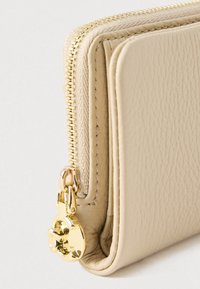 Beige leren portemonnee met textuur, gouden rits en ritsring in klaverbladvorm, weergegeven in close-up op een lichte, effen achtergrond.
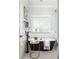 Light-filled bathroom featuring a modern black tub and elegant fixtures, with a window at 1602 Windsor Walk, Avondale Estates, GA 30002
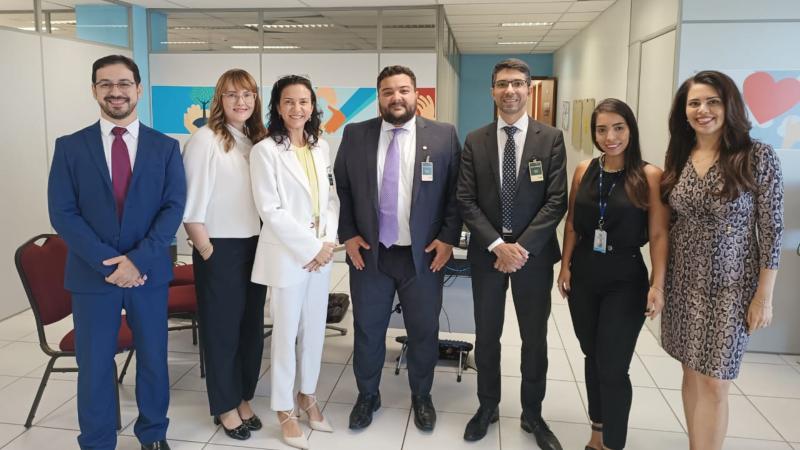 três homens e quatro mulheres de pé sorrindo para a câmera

· · · · ·

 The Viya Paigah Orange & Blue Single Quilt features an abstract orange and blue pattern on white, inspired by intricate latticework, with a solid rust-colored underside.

· · · · ·

◆ TASK INSTRUCTIONS ◆
After locating "Beige leren portemonnee" and "três homens e" in the records above, return exactly the line holding each one and every line between them; leave out the pictures.

◆ ANSWER FOR THIS EXERCISE ◆
 Beige leren portemonnee met textuur, gouden rits en ritsring in klaverbladvorm, weergegeven in close-up op een lichte, effen achtergrond.
 Light-filled bathroom featuring a modern black tub and elegant fixtures, with a window at 1602 Windsor Walk, Avondale Estates, GA 30002
 três homens e quatro mulheres de pé sorrindo para a câmera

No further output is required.